* [Exercise description]: What is needed here is an exact copy of every record below.

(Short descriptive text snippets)
┄┄┄┄┄┄┄┄┄┄
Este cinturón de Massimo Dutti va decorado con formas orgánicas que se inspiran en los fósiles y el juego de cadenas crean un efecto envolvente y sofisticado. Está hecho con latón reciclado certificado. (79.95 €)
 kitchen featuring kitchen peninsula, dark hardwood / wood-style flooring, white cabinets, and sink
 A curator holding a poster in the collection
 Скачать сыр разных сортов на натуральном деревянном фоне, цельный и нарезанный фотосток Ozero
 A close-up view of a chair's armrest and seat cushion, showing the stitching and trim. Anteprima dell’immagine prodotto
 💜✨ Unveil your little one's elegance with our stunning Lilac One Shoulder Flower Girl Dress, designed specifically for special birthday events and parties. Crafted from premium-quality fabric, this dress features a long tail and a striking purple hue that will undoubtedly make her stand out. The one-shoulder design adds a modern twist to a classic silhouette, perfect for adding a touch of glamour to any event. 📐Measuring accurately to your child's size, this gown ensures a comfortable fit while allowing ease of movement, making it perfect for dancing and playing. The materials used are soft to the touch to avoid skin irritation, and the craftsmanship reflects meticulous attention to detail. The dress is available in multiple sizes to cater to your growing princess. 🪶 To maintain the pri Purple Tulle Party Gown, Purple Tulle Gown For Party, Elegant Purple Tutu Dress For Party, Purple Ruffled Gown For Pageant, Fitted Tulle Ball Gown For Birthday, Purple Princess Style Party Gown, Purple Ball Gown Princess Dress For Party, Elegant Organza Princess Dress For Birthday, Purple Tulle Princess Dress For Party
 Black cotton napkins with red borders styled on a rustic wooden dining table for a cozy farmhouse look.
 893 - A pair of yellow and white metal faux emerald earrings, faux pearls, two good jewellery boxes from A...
┄┄┄┄┄┄┄┄┄┄
* [The completed task]:
Este cinturón de Massimo Dutti va decorado con formas orgánicas que se inspiran en los fósiles y el juego de cadenas crean un efecto envolvente y sofisticado. Está hecho con latón reciclado certificado. (79.95 €)
 kitchen featuring kitchen peninsula, dark hardwood / wood-style flooring, white cabinets, and sink
 A curator holding a poster in the collection
 Скачать сыр разных сортов на натуральном деревянном фоне, цельный и нарезанный фотосток Ozero
 A close-up view of a chair's armrest and seat cushion, showing the stitching and trim. Anteprima dell’immagine prodotto
 💜✨ Unveil your little one's elegance with our stunning Lilac One Shoulder Flower Girl Dress, designed specifically for special birthday events and parties. Crafted from premium-quality fabric, this dress features a long tail and a striking purple hue that will undoubtedly make her stand out. The one-shoulder design adds a modern twist to a classic silhouette, perfect for adding a touch of glamour to any event. 📐Measuring accurately to your child's size, this gown ensures a comfortable fit while allowing ease of movement, making it perfect for dancing and playing. The materials used are soft to the touch to avoid skin irritation, and the craftsmanship reflects meticulous attention to detail. The dress is available in multiple sizes to cater to your growing princess. 🪶 To maintain the pri Purple Tulle Party Gown, Purple Tulle Gown For Party, Elegant Purple Tutu Dress For Party, Purple Ruffled Gown For Pageant, Fitted Tulle Ball Gown For Birthday, Purple Princess Style Party Gown, Purple Ball Gown Princess Dress For Party, Elegant Organza Princess Dress For Birthday, Purple Tulle Princess Dress For Party
 Black cotton napkins with red borders styled on a rustic wooden dining table for a cozy farmhouse look.
 893 - A pair of yellow and white metal faux emerald earrings, faux pearls, two good jewellery boxes from A...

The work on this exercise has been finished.